_What is required_
Take from the entries below the stretch from the line with "Cozy home in Pula with kitchen" through the line with "Mercedes-Benz E-Class E300 4MATIC Exclusive", and return it exactly, leaving the pictures out.

_Data records_

········

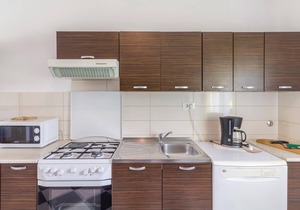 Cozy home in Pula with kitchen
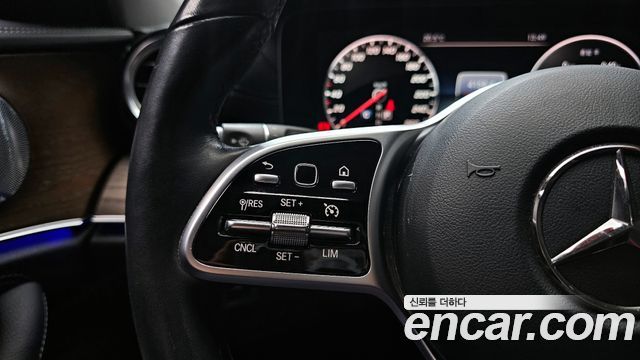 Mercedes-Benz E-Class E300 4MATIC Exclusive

········

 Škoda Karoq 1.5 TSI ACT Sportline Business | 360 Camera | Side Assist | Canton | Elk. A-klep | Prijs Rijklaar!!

········

_Finished exercise_
 Cozy home in Pula with kitchen
 Mercedes-Benz E-Class E300 4MATIC Exclusive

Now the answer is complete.